[Records from a dataset]
::::::::::

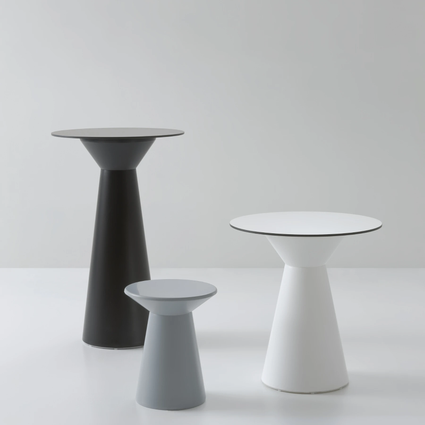  Banqueta Roller | Gaber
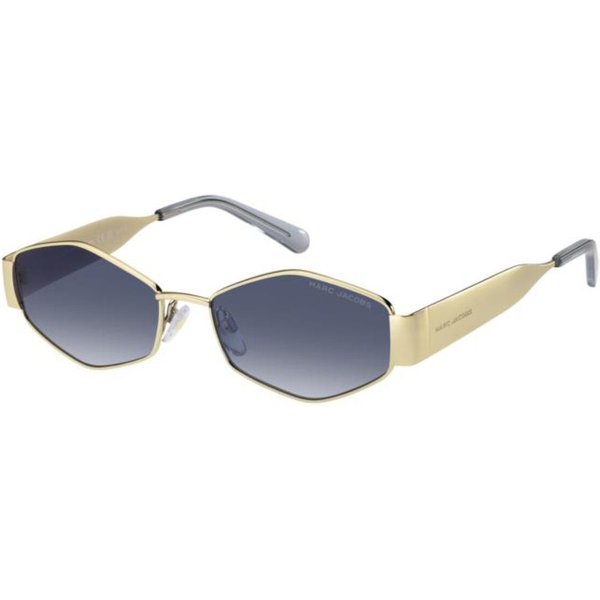 Marc Jacobs MARC 496/SHINY LKS/08 Women’s Sunglasses Size 55
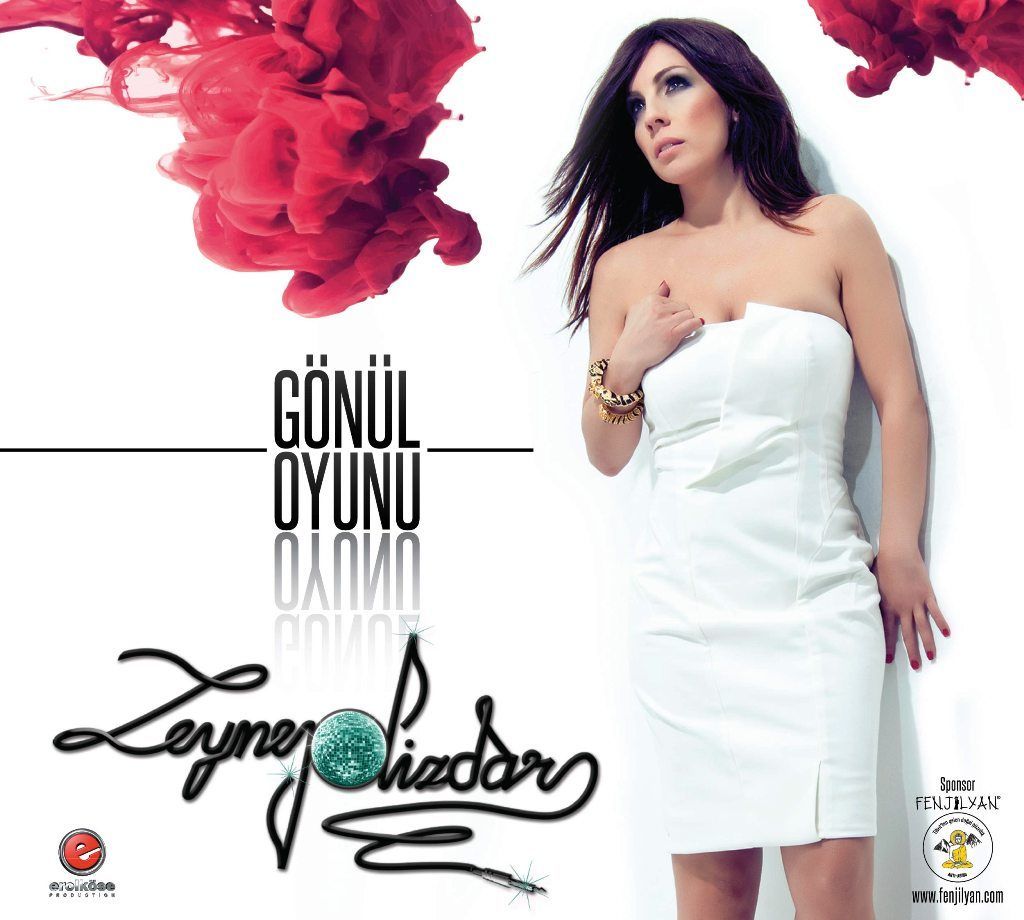 ZEYNEP DİZDAR - GÖNÜL OYUNU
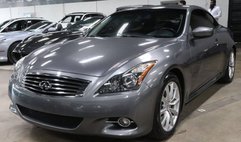 2013 Infiniti G37 Convertible G37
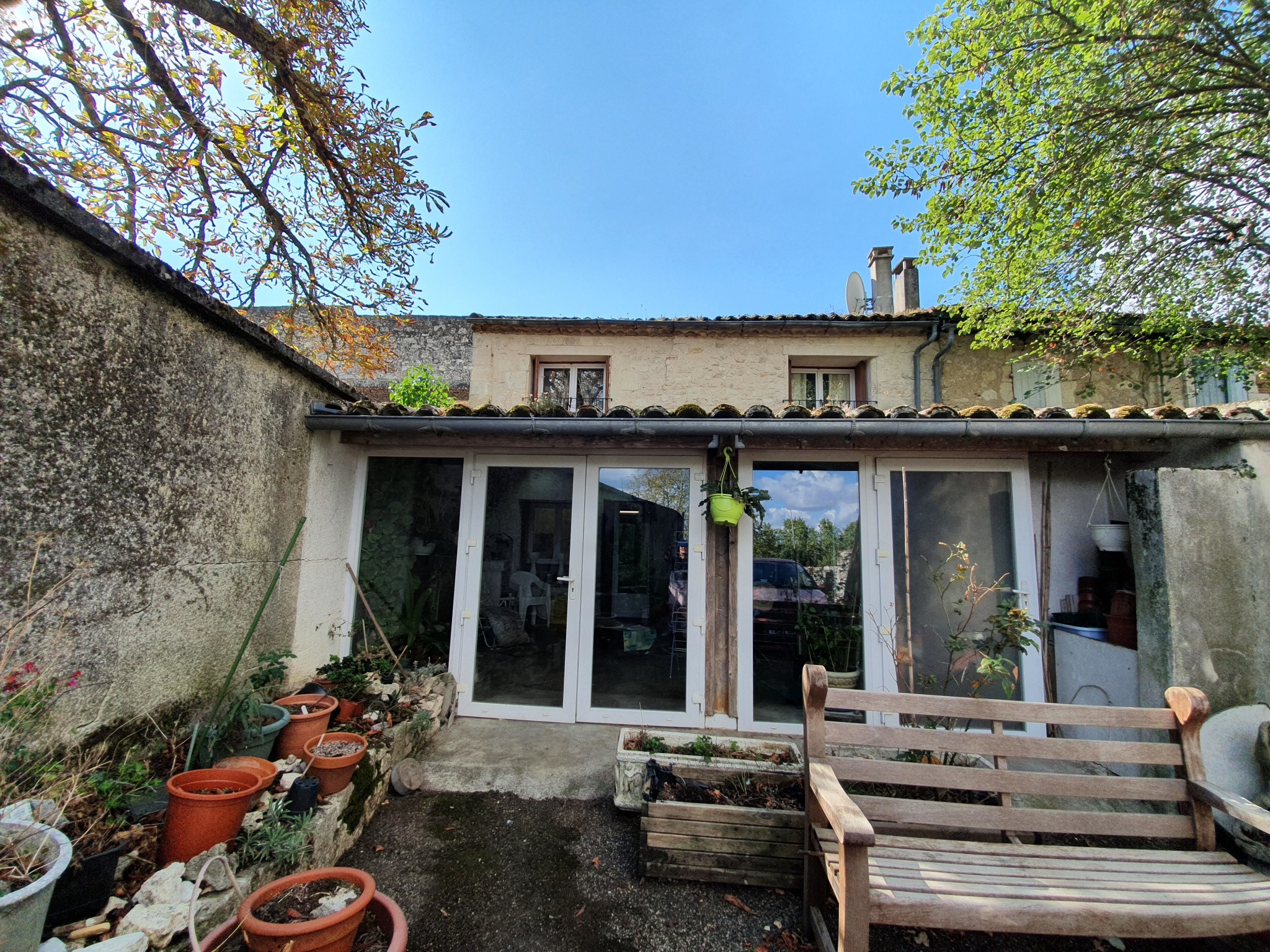 Vente Maison à Puymirol 6 pièces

::::::::::

Repeat all of the entries above exactly. Keep pictures out of it.

Reply:
  Banqueta Roller | Gaber
 Marc Jacobs MARC 496/SHINY LKS/08 Women’s Sunglasses Size 55
 ZEYNEP DİZDAR - GÖNÜL OYUNU
 2013 Infiniti G37 Convertible G37
 Vente Maison à Puymirol 6 pièces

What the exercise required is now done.